» Task data:
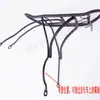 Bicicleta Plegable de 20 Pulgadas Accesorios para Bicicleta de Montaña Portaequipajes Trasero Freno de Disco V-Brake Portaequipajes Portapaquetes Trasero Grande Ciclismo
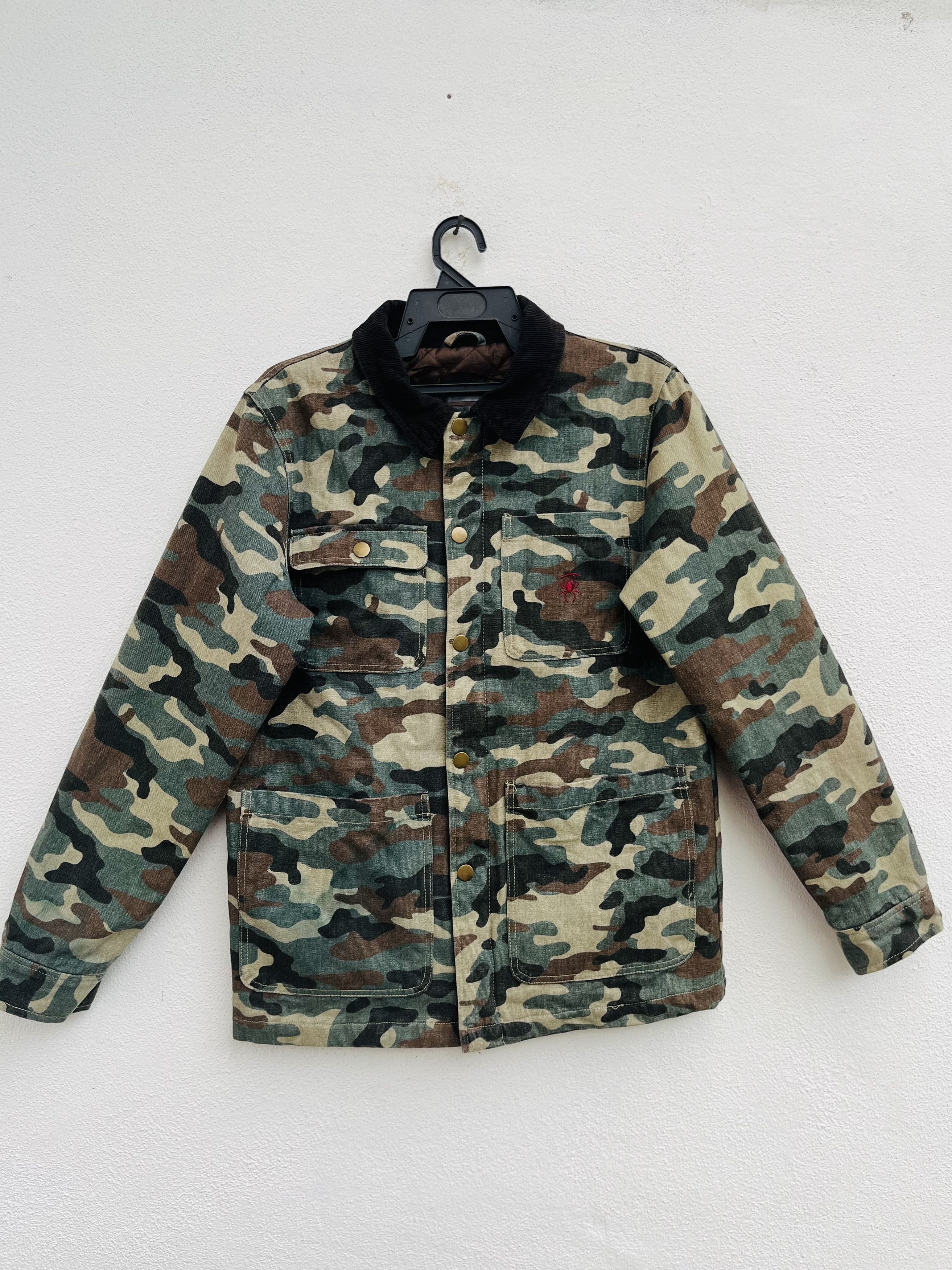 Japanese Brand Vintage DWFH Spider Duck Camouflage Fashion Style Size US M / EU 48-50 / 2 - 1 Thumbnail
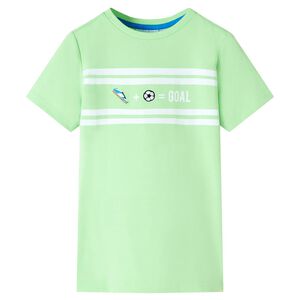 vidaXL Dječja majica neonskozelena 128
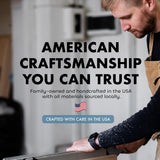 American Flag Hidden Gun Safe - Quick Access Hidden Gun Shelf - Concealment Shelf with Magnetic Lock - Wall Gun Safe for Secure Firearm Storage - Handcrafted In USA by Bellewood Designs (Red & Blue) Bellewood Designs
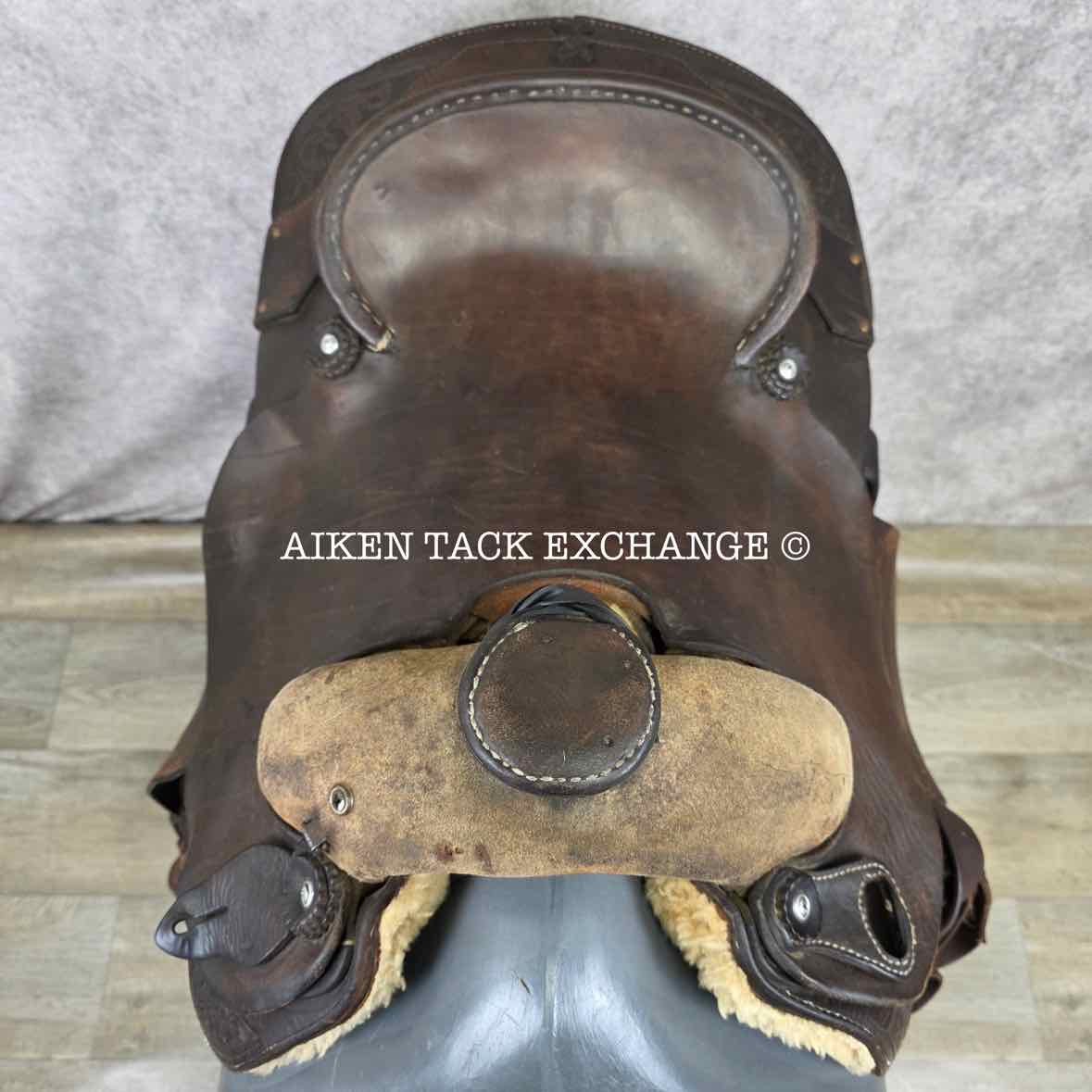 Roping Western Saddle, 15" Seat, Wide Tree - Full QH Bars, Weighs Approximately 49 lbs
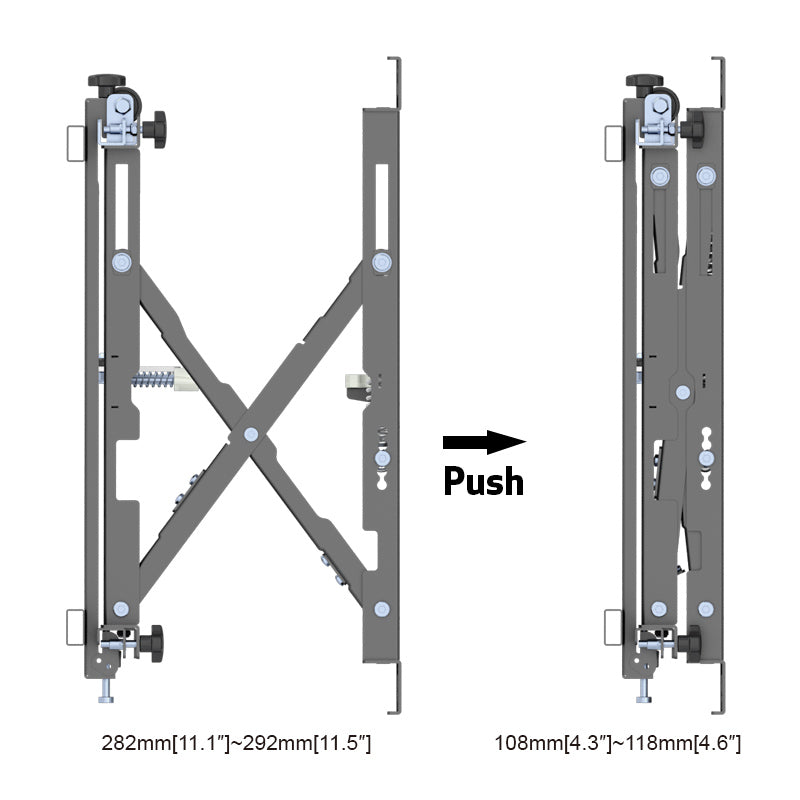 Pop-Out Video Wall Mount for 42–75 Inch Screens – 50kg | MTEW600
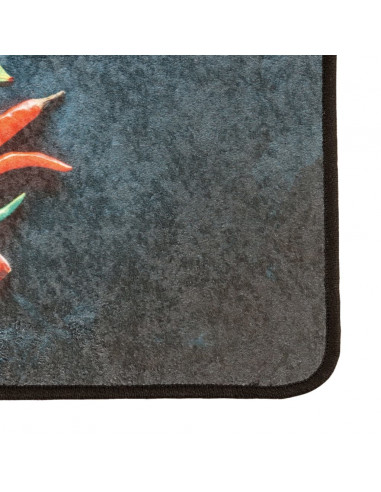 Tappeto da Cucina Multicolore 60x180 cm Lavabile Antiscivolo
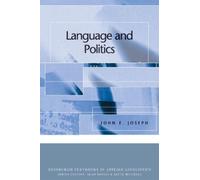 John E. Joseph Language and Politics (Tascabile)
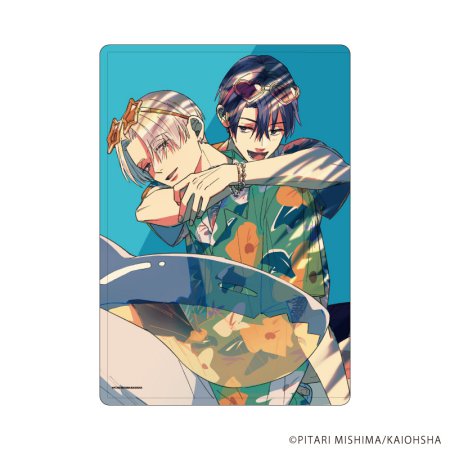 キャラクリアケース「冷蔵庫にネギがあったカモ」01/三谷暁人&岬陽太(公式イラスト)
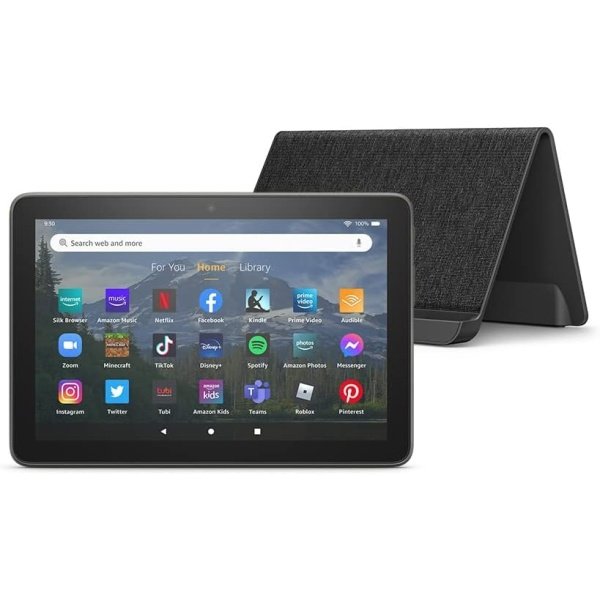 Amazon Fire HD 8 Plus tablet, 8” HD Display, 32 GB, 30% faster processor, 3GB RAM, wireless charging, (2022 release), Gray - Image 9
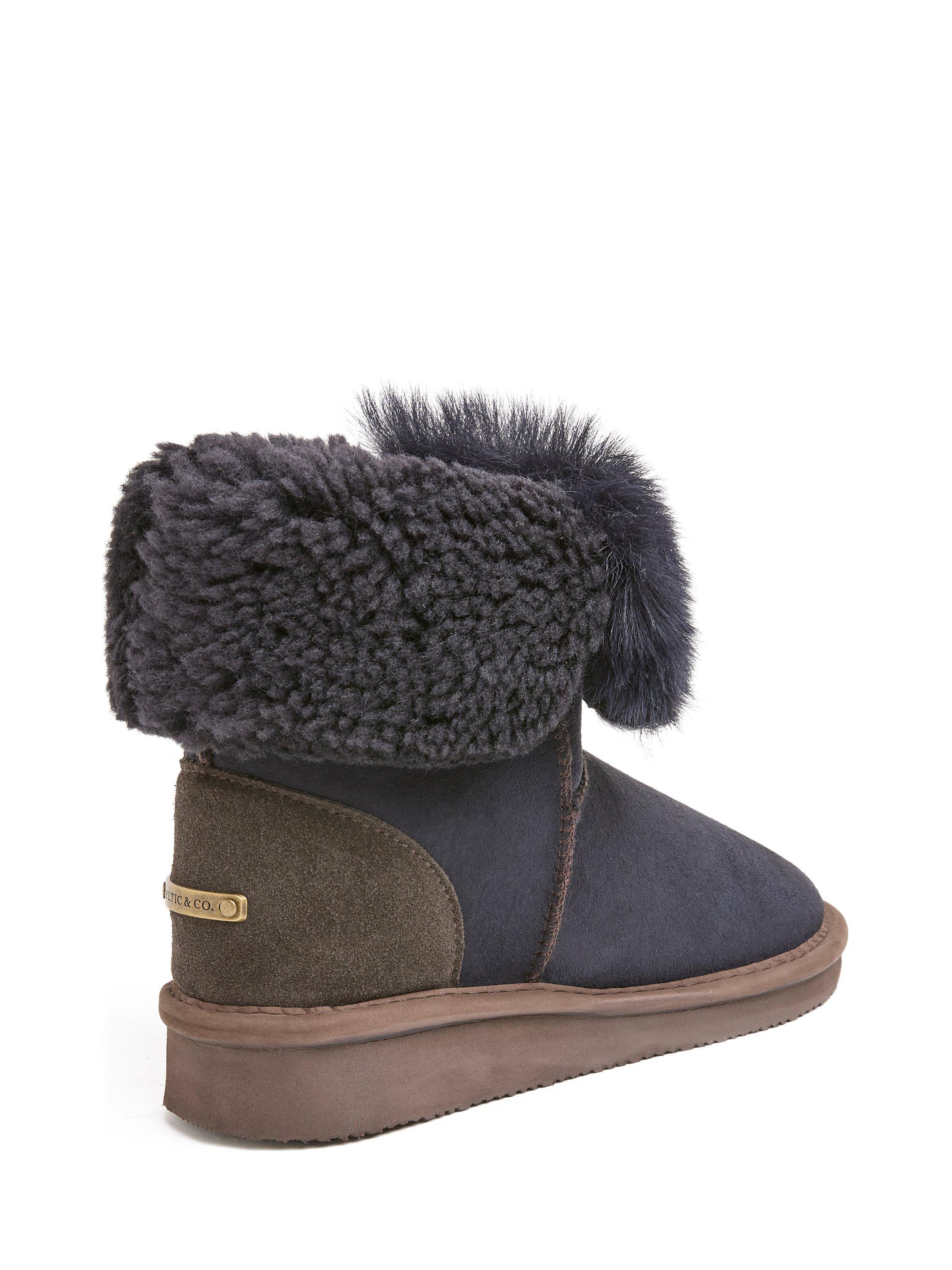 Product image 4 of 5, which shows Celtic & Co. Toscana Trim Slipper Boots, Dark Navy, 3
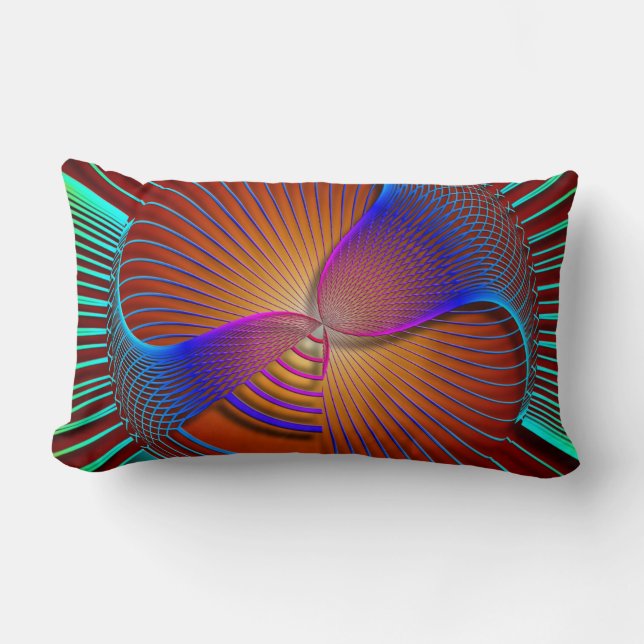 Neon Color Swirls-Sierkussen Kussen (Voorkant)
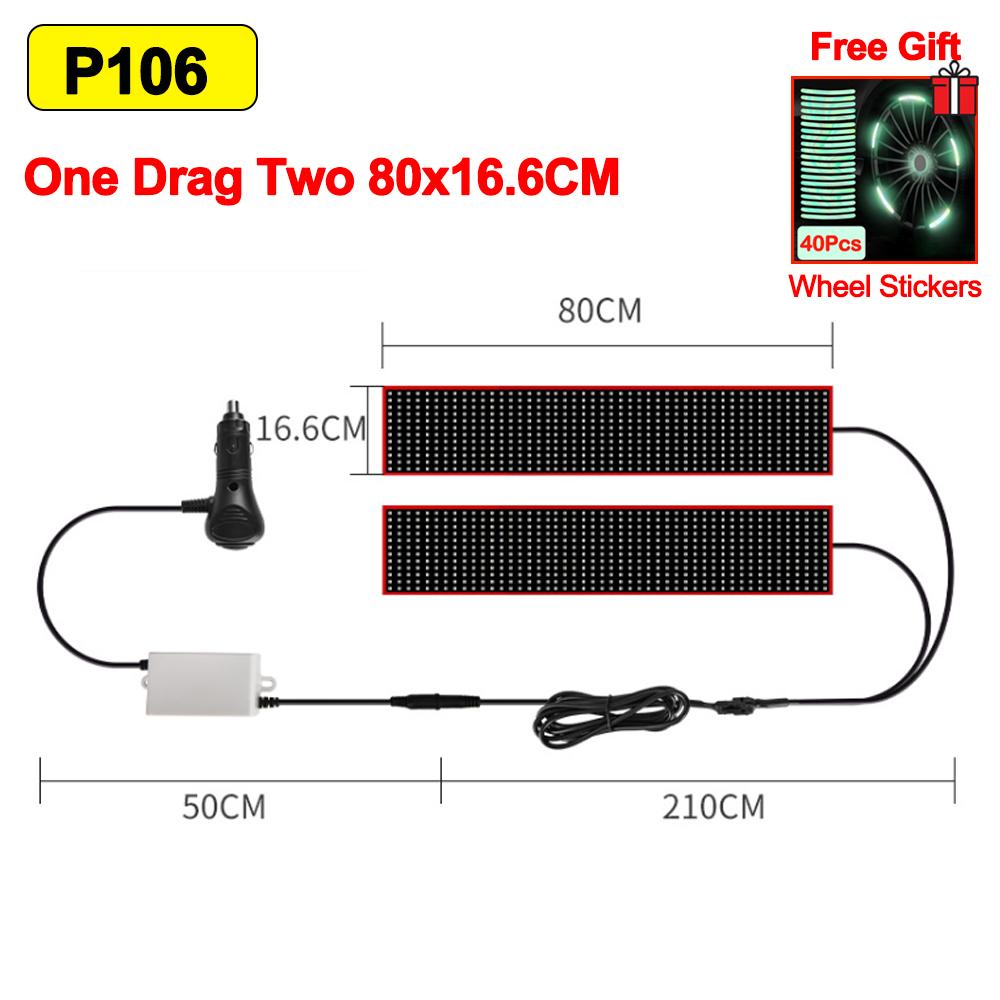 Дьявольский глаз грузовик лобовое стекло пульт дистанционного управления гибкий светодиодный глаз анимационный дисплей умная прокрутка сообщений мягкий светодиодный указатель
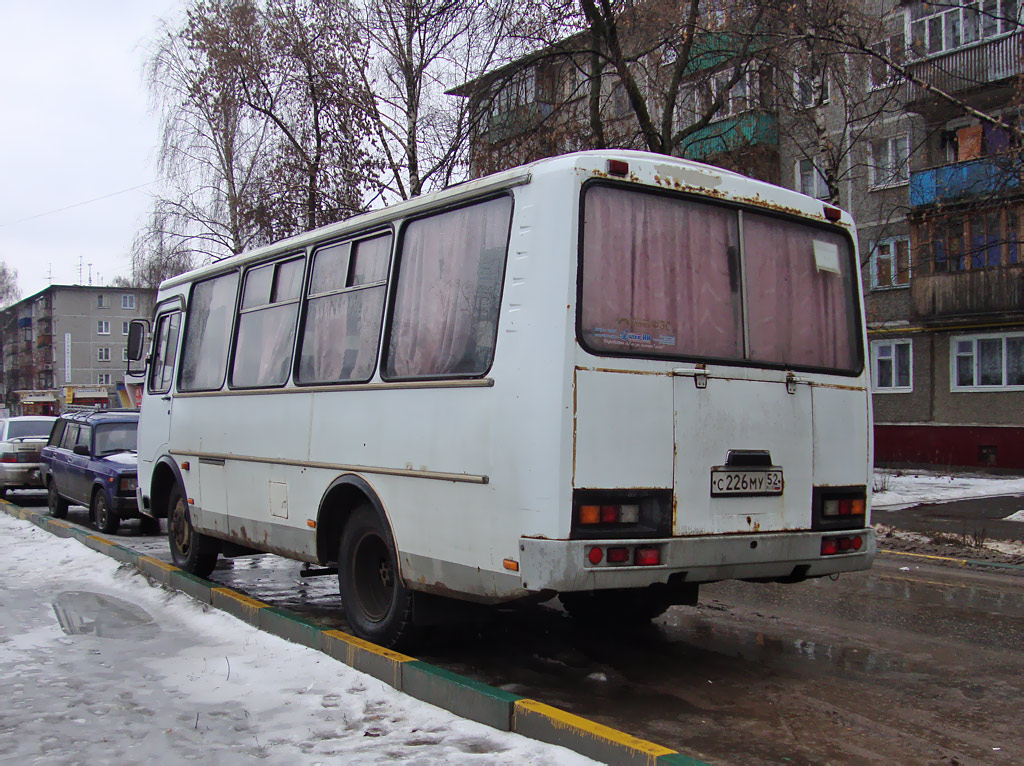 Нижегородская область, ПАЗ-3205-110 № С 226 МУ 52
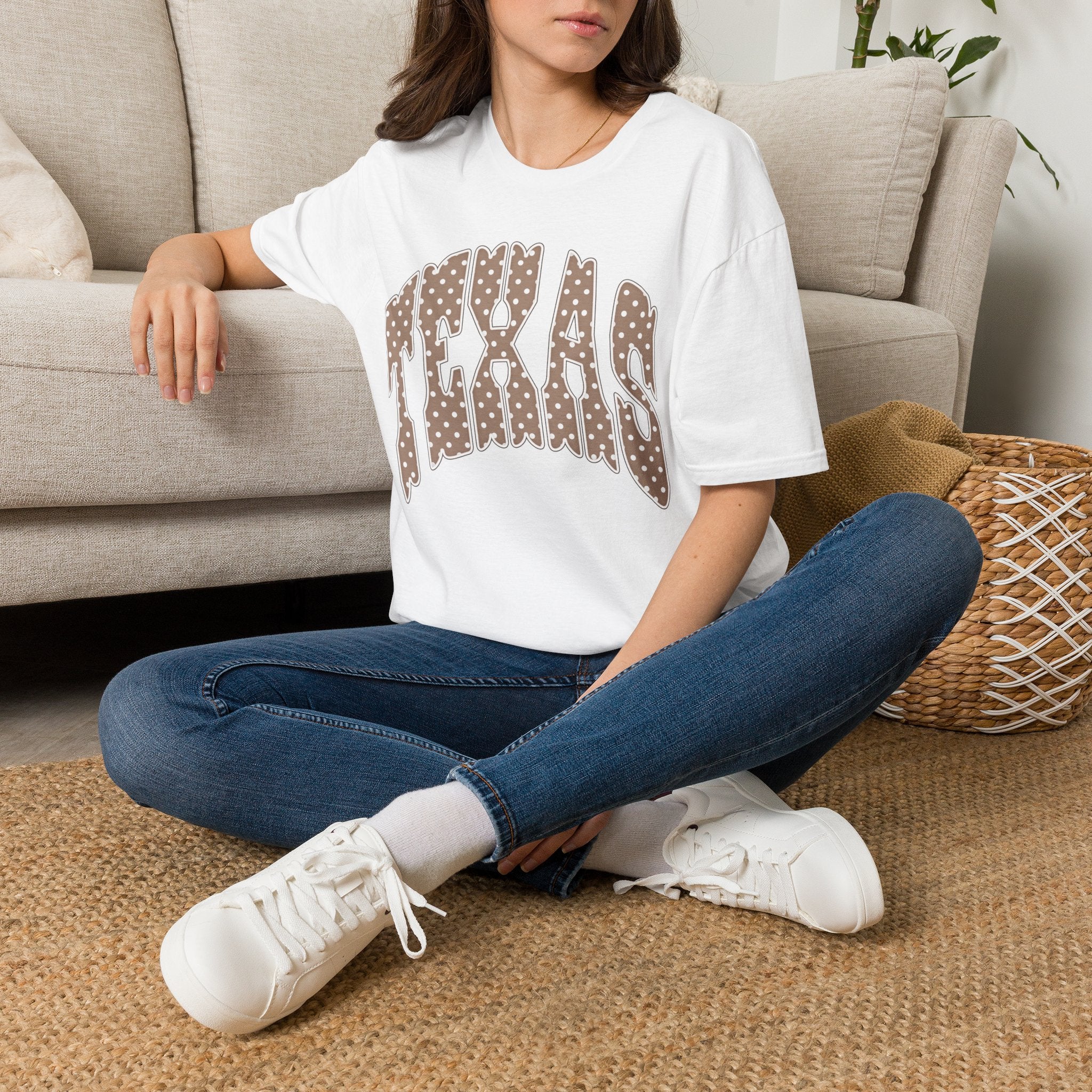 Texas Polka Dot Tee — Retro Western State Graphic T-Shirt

» Directions:
Set down again, word for word, every line from the one with "キャラクリアケース「冷蔵庫に" to the one with "Product image 4" in the entries above, and omit the pictures.

» Completed task:
 キャラクリアケース「冷蔵庫にネギがあったカモ」01/三谷暁人&岬陽太(公式イラスト)
 Amazon Fire HD 8 Plus tablet, 8” HD Display, 32 GB, 30% faster processor, 3GB RAM, wireless charging, (2022 release), Gray - Image 9
 Product image 4 of 5, which shows Celtic & Co. Toscana Trim Slipper Boots, Dark Navy, 3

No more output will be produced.